• _Data under study_:
++++++++

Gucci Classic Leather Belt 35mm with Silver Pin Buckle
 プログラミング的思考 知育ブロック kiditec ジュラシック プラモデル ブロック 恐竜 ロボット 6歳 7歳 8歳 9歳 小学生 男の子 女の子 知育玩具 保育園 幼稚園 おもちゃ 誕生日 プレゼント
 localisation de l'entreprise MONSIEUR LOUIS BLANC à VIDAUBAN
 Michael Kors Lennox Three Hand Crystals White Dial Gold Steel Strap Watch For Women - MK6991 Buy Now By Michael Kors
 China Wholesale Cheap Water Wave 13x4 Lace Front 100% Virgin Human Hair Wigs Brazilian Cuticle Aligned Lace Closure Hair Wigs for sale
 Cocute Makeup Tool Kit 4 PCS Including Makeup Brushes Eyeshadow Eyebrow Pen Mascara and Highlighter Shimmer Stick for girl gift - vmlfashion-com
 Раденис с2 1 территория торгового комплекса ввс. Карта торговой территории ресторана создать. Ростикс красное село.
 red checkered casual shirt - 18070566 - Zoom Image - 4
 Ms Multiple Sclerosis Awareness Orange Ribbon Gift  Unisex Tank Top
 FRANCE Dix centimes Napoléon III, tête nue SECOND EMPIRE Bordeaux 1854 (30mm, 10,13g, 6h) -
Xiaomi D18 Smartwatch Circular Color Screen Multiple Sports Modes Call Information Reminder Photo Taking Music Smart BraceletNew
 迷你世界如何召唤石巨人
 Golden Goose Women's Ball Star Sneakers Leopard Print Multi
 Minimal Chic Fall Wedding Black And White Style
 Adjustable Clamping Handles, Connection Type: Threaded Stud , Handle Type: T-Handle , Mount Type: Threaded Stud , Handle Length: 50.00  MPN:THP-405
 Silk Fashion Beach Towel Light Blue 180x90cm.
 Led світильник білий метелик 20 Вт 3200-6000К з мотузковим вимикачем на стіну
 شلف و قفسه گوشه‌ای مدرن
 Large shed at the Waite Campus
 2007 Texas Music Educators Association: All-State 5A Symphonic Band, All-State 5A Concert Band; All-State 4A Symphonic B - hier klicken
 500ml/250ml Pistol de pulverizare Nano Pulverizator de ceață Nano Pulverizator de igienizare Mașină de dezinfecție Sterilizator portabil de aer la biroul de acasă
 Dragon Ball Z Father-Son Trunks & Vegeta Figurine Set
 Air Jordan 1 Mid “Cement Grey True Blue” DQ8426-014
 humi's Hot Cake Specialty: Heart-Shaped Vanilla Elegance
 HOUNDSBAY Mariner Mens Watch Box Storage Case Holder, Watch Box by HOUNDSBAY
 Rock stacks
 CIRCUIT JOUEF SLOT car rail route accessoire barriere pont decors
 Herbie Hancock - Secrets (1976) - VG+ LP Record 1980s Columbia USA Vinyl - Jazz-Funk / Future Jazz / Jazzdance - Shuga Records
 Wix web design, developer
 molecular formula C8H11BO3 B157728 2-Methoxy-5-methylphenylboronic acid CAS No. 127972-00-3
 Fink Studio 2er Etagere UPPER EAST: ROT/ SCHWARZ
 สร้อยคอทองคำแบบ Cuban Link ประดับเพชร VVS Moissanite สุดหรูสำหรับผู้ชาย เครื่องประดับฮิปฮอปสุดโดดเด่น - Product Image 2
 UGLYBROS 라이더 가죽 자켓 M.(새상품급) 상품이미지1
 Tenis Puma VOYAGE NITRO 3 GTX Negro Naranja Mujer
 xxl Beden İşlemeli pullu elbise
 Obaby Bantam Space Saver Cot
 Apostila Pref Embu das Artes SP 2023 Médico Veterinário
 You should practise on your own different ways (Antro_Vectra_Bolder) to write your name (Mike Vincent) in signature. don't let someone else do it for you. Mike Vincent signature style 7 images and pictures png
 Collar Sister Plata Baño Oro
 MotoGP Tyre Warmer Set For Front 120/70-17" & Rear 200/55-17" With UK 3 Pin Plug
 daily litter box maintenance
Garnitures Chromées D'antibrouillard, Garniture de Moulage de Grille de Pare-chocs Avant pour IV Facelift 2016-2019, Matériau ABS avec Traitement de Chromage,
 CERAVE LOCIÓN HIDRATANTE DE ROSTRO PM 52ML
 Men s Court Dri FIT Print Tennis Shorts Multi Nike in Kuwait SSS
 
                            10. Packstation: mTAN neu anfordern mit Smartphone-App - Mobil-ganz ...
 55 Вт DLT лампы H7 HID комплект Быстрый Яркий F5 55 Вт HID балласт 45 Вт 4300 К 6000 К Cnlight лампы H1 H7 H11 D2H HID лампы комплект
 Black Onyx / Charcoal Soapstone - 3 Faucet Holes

++++++++

• _What needs to be done_: The required output is the exact run of lines from the one with "HOUNDSBAY Mariner Mens" through the final line of the entries.

• _Exercise response_:
 HOUNDSBAY Mariner Mens Watch Box Storage Case Holder, Watch Box by HOUNDSBAY
 Rock stacks
 CIRCUIT JOUEF SLOT car rail route accessoire barriere pont decors
 Herbie Hancock - Secrets (1976) - VG+ LP Record 1980s Columbia USA Vinyl - Jazz-Funk / Future Jazz / Jazzdance - Shuga Records
 Wix web design, developer
 molecular formula C8H11BO3 B157728 2-Methoxy-5-methylphenylboronic acid CAS No. 127972-00-3
 Fink Studio 2er Etagere UPPER EAST: ROT/ SCHWARZ
 สร้อยคอทองคำแบบ Cuban Link ประดับเพชร VVS Moissanite สุดหรูสำหรับผู้ชาย เครื่องประดับฮิปฮอปสุดโดดเด่น - Product Image 2
 UGLYBROS 라이더 가죽 자켓 M.(새상품급) 상품이미지1
 Tenis Puma VOYAGE NITRO 3 GTX Negro Naranja Mujer
 xxl Beden İşlemeli pullu elbise
 Obaby Bantam Space Saver Cot
 Apostila Pref Embu das Artes SP 2023 Médico Veterinário
 You should practise on your own different ways (Antro_Vectra_Bolder) to write your name (Mike Vincent) in signature. don't let someone else do it for you. Mike Vincent signature style 7 images and pictures png
 Collar Sister Plata Baño Oro
 MotoGP Tyre Warmer Set For Front 120/70-17" & Rear 200/55-17" With UK 3 Pin Plug
 daily litter box maintenance
Garnitures Chromées D'antibrouillard, Garniture de Moulage de Grille de Pare-chocs Avant pour IV Facelift 2016-2019, Matériau ABS avec Traitement de Chromage,
 CERAVE LOCIÓN HIDRATANTE DE ROSTRO PM 52ML
 Men s Court Dri FIT Print Tennis Shorts Multi Nike in Kuwait SSS
 
                            10. Packstation: mTAN neu anfordern mit Smartphone-App - Mobil-ganz ...
 55 Вт DLT лампы H7 HID комплект Быстрый Яркий F5 55 Вт HID балласт 45 Вт 4300 К 6000 К Cnlight лампы H1 H7 H11 D2H HID лампы комплект
 Black Onyx / Charcoal Soapstone - 3 Faucet Holes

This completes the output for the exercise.